= Beginning of Section =
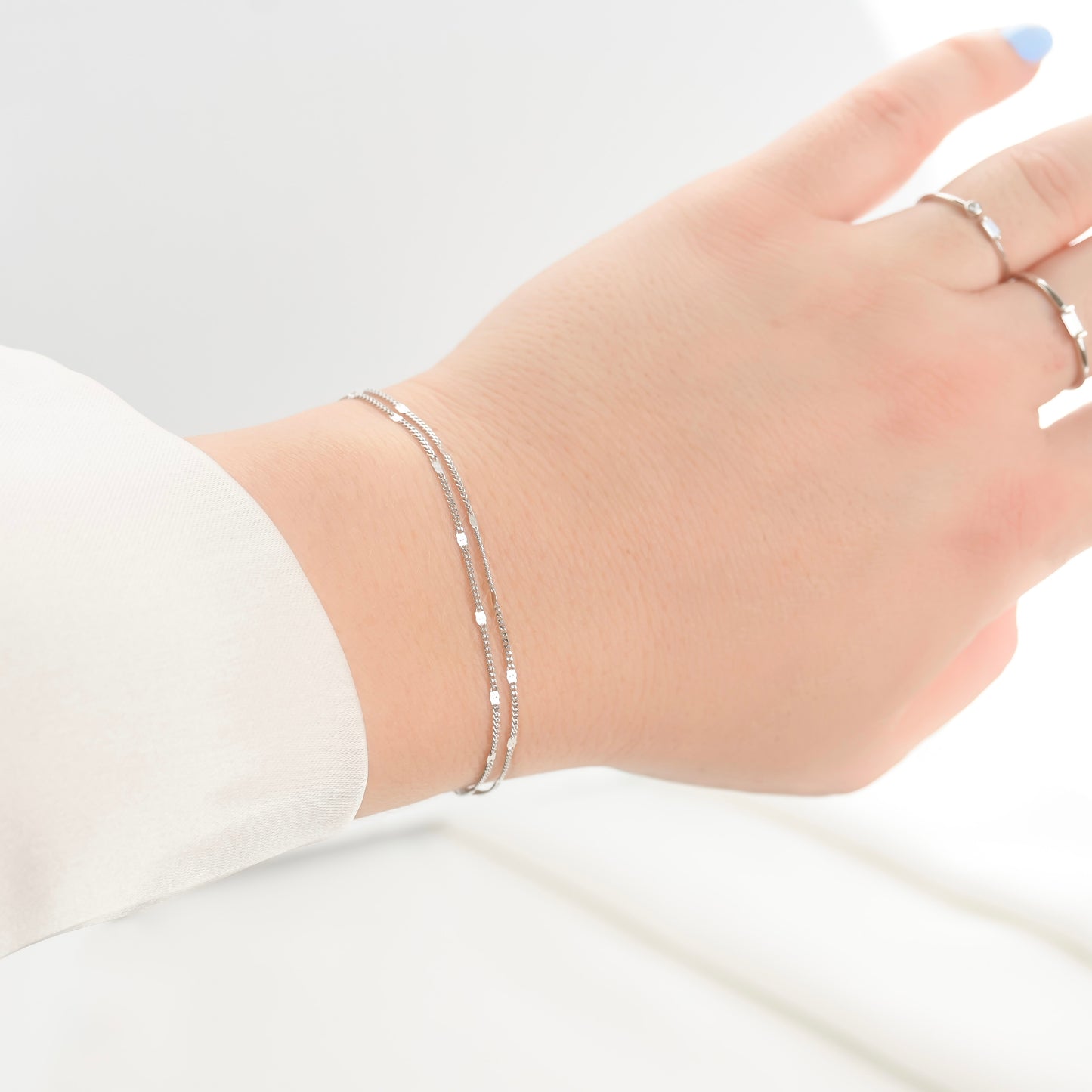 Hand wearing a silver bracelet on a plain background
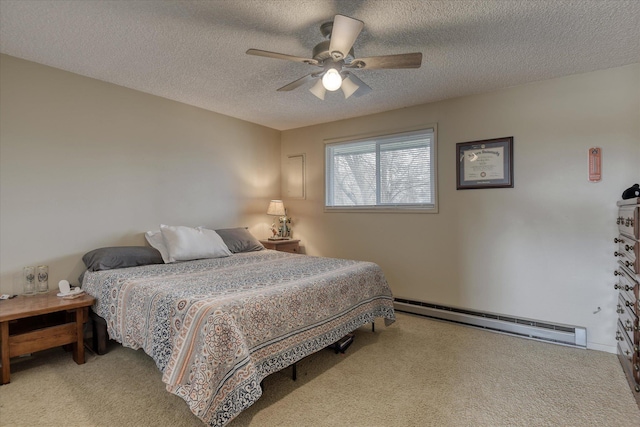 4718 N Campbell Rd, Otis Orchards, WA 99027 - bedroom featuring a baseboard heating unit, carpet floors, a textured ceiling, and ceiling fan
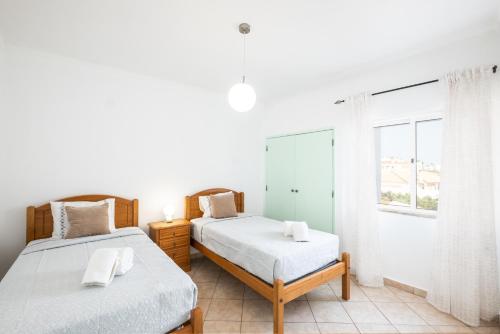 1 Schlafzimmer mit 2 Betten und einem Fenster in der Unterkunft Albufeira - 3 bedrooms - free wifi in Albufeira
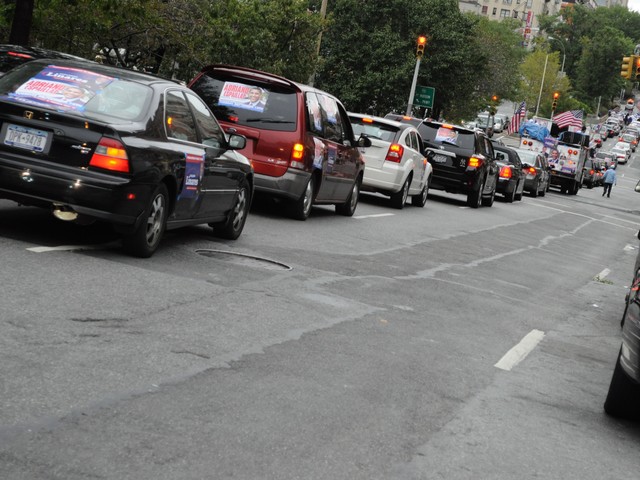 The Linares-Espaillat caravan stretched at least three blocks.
= End of Section =
▸ ABOUT THIS TASK
All of the material above must be retyped exactly, line for line, with the images dropped.

▸ EXERCISE SOLUTION
 Hand wearing a silver bracelet on a plain background
 4718 N Campbell Rd, Otis Orchards, WA 99027 - bedroom featuring a baseboard heating unit, carpet floors, a textured ceiling, and ceiling fan
 1 Schlafzimmer mit 2 Betten und einem Fenster in der Unterkunft Albufeira - 3 bedrooms - free wifi in Albufeira
 The Linares-Espaillat caravan stretched at least three blocks.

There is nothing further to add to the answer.